He’s smiling—his gold tooth shining—as I take the mug and take a sip.
“And?” he asks with a big expectant grin.
“It’s the best damn coffee I’ve ever had,” I say, laying it on thick. He looks happy enough with my reaction.
“Great,” he says, slapping my shoulder. “You get paid in cash, don’t kiss the clients, and Spartan Shield Corp has a onehundred percent success rate, so don’t fuck it up or I’ll feed you to the dogs.”
All three of them are growling at me.
Cerberus grins as he grabs a file of papers. “Let’s get some ink on that contract!”
CHAPTER FOUR
Ryker
“You gotta be fucking kidding me,” I grunt as I walk into my hotel room and stare down at the tiny bed along the wall. After six hours in a plane, crammed into a seat designed for someone half my size, an hour in a taxi with a driver who wouldn’t shut up—this is what I arrive to. A bed made for a child.
I groan as I drop my bag on the ground and try to turn up the air conditioning. All the labels are in Spanish and somehow the room gets even hotter.
I’m hot, annoyed, and hangry. My bear didn’t make the flight easy on me at all. He was growling in my ear the entire time and when I squeezed into the small bathroom, the furry fucker tried to break out of my skin. That would have been a hell of a scene—a furious grizzly bear rampaging down the aisle of an airplane thirty thousand feet in the air.
It’s hot as fuck in this country. The city is surrounded by rainforest, so the air is wet and sticky with more humidity than I’ve ever felt in my life.
I drop onto the bed with a groan and the whole fucking thing collapses.
“Of course,” I say, laughing because what else is there to do at this point?
A few wooden planks have snapped and the thin mattress is on the floor. I’m staring up at the ceiling wondering when this nightmare is going to end. Not the job. The nightmare of not having my mate. Of not knowing where in the world she is.
I pick up the phone and hit the button for the front desk.

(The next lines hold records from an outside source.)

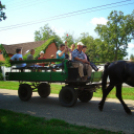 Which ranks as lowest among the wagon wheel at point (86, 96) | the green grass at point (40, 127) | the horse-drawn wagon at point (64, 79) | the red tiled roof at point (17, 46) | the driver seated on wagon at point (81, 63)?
the green grass at point (40, 127)

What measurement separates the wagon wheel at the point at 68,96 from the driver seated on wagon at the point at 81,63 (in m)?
0.58

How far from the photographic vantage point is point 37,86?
8.57m

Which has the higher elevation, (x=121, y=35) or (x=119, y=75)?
(x=121, y=35)

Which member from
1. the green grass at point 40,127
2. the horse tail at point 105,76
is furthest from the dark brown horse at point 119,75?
the green grass at point 40,127

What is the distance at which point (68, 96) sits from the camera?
6.93m

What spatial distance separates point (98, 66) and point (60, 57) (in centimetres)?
159

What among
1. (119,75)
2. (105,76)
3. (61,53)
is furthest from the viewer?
(61,53)

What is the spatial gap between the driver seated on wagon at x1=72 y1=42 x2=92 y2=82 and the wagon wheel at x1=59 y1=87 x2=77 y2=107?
0.58 meters

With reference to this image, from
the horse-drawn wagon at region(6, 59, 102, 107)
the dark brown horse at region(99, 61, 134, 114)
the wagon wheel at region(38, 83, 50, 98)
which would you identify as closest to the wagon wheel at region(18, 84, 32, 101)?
the horse-drawn wagon at region(6, 59, 102, 107)

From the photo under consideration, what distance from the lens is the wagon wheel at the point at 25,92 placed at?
809 centimetres

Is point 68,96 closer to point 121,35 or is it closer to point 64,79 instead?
point 64,79

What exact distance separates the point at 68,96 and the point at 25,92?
2306mm

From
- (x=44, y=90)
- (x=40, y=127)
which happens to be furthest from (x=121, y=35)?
(x=40, y=127)

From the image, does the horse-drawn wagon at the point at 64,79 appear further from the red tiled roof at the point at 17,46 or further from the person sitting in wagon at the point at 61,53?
the red tiled roof at the point at 17,46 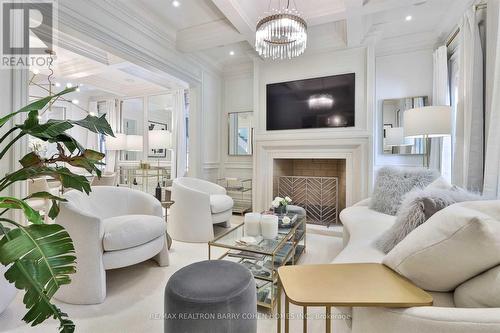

The guy answers, but it’s all in Spanish. I spoke a little bit in high school, but that was a while ago and I lost most of it.
What’s the word for bed?
“Casa,” I say into the phone. “No. Cama!”
More rapid-fire Spanish.
“Slow down.”
He talks faster.
“Oh, forget it.”
I hang up the phone and take a deep breath. It’s already late in the evening, so I’m giving up on the bed. I’ll just put the mattress on the floor and do my best to fit on it.
I’m in the middle of texting my uncle—cursing him for getting me into this mess—when there’s a knock on my door.
I get up and wince at the sudden burning sensation searing down my throat. It feels like I just drank a pint of gasoline and followed it up with a lit match.
“What the hell?” I whisper in a hoarse voice as I walk to the door. My lungs are smoldering, but it’s a sweet burn. It almost feels good.
My bear perks up and is suddenly on full alert. He’s not growling or snarling for a change. He’s all perky like a bored dog who just got told he’s going on a walk.
Another knock.
Hopefully, it’s someone who can get me a new bed.